WHAT THE EXERCISE ASKS:
Would you reproduce every record exactly, leaving out the pictures?

Short descriptive text snippets:
⁂
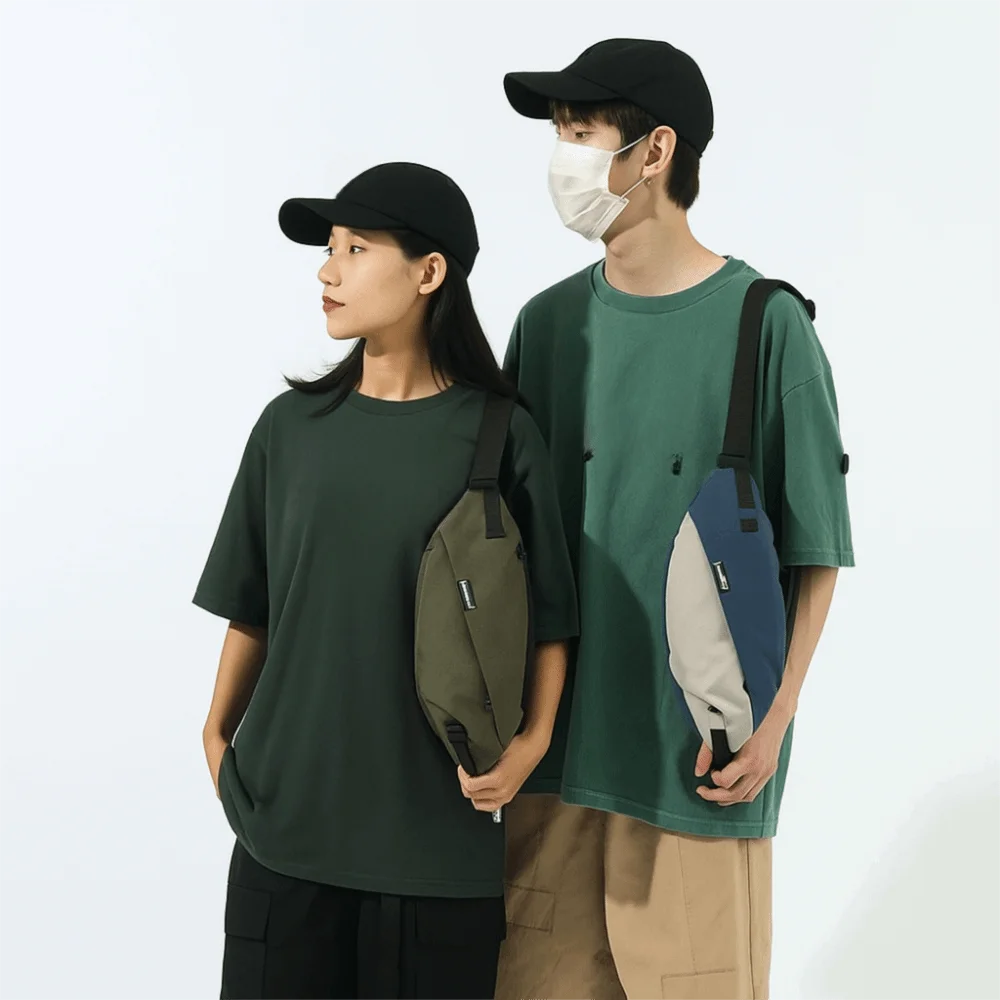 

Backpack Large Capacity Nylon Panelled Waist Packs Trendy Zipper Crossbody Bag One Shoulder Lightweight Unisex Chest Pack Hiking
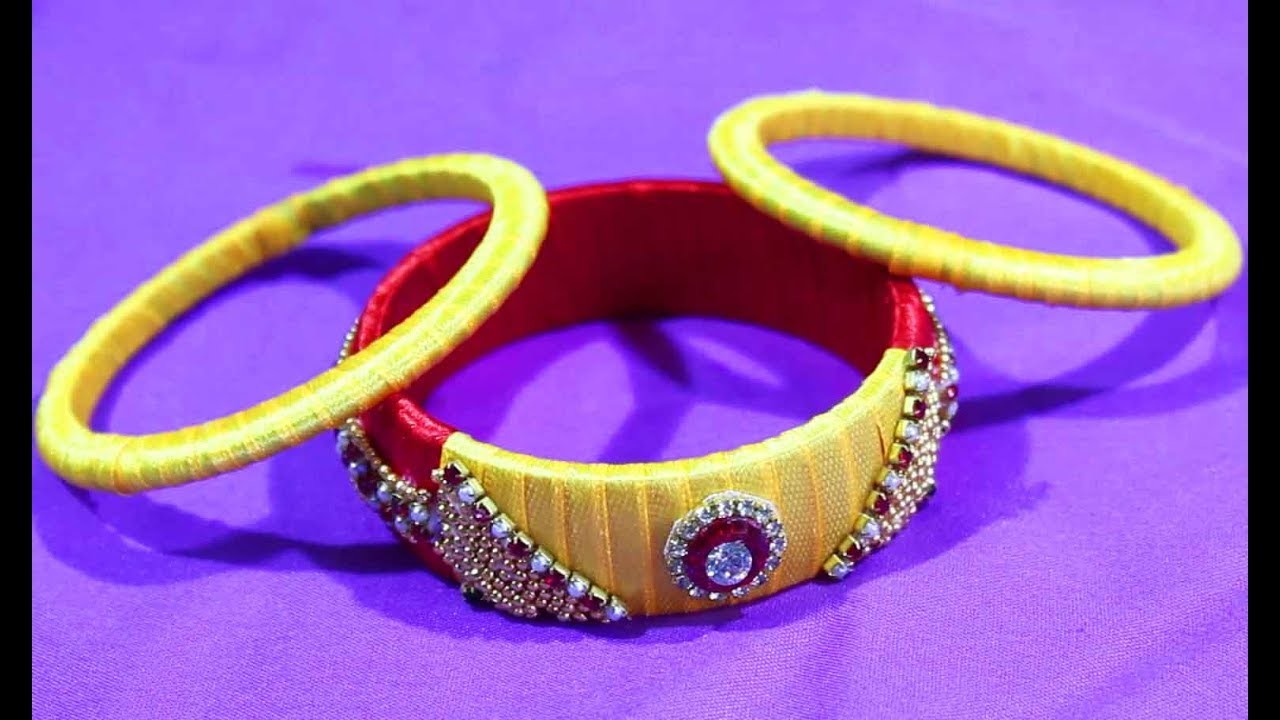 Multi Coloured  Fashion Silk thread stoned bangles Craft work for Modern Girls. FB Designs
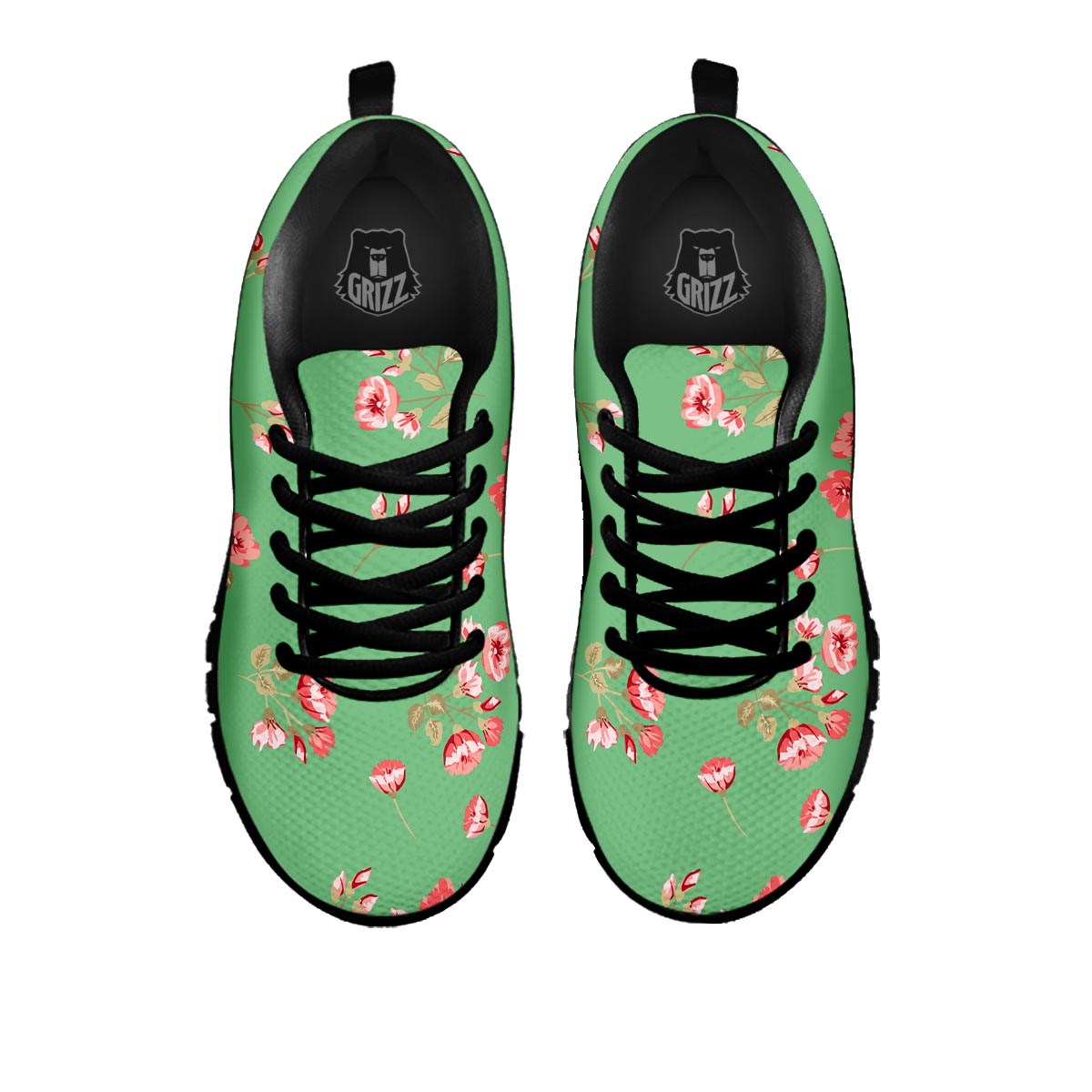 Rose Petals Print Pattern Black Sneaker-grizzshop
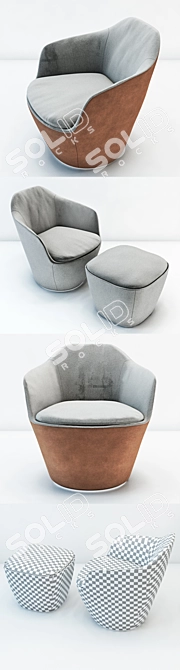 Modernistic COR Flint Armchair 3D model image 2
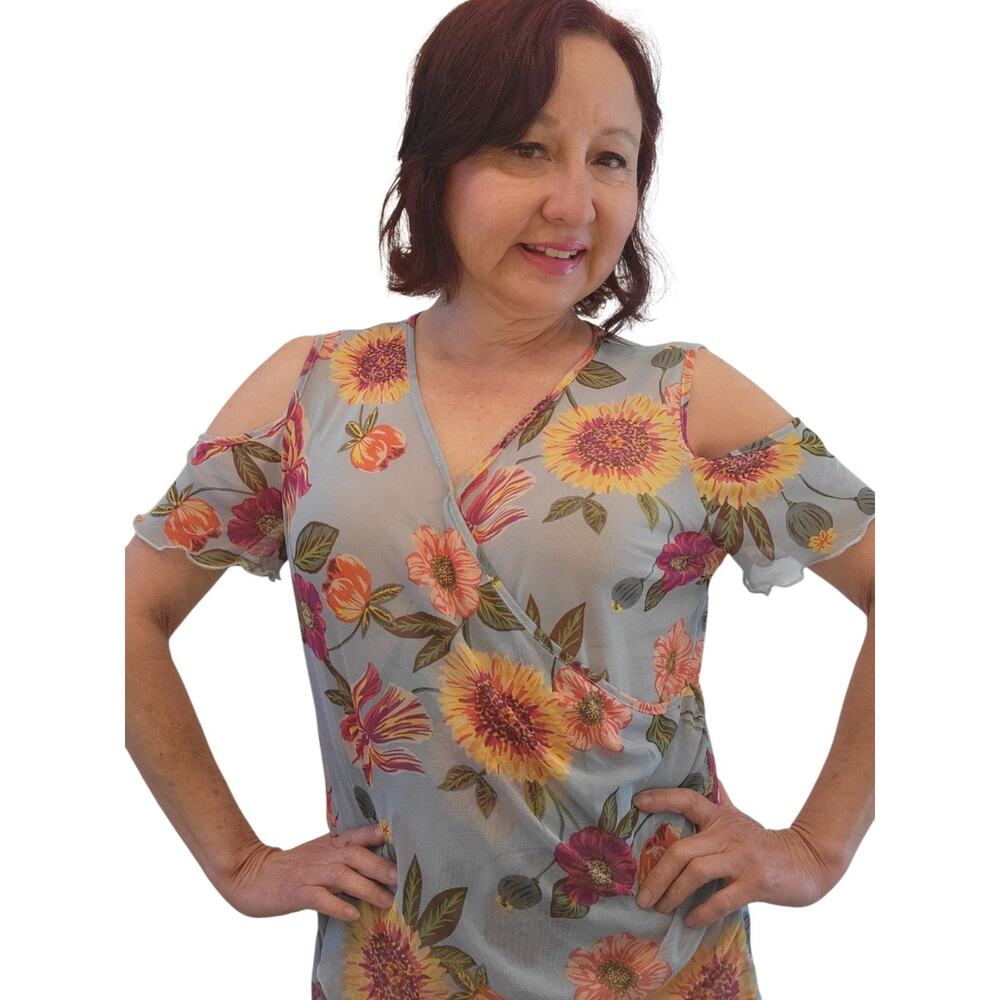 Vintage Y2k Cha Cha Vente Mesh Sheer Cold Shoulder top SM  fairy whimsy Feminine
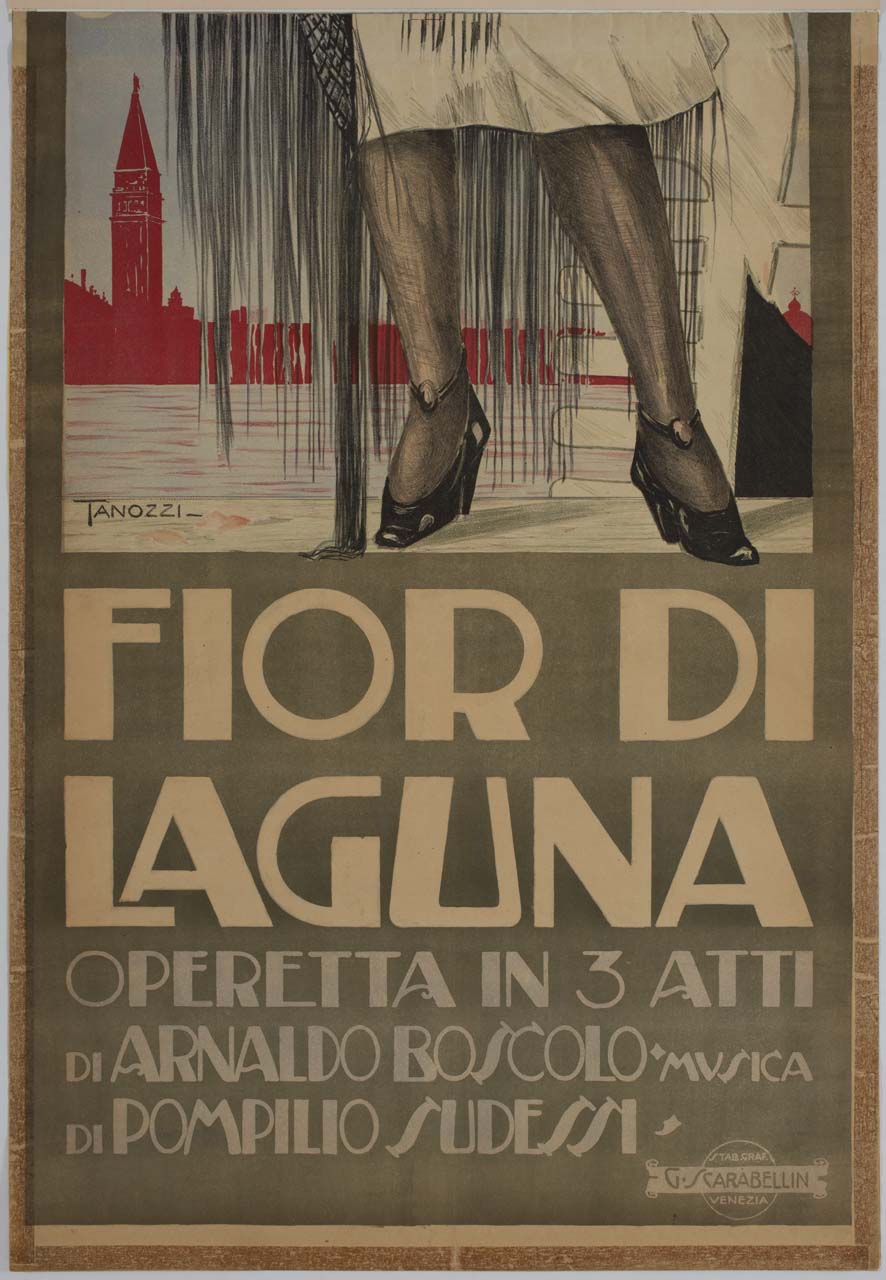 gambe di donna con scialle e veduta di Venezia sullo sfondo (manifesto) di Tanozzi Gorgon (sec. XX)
⁂
OUTPUT OF THE EXERCISE:
Backpack Large Capacity Nylon Panelled Waist Packs Trendy Zipper Crossbody Bag One Shoulder Lightweight Unisex Chest Pack Hiking
 Multi Coloured  Fashion Silk thread stoned bangles Craft work for Modern Girls. FB Designs
 Rose Petals Print Pattern Black Sneaker-grizzshop
 Modernistic COR Flint Armchair 3D model image 2
 Vintage Y2k Cha Cha Vente Mesh Sheer Cold Shoulder top SM  fairy whimsy Feminine
 gambe di donna con scialle e veduta di Venezia sullo sfondo (manifesto) di Tanozzi Gorgon (sec. XX)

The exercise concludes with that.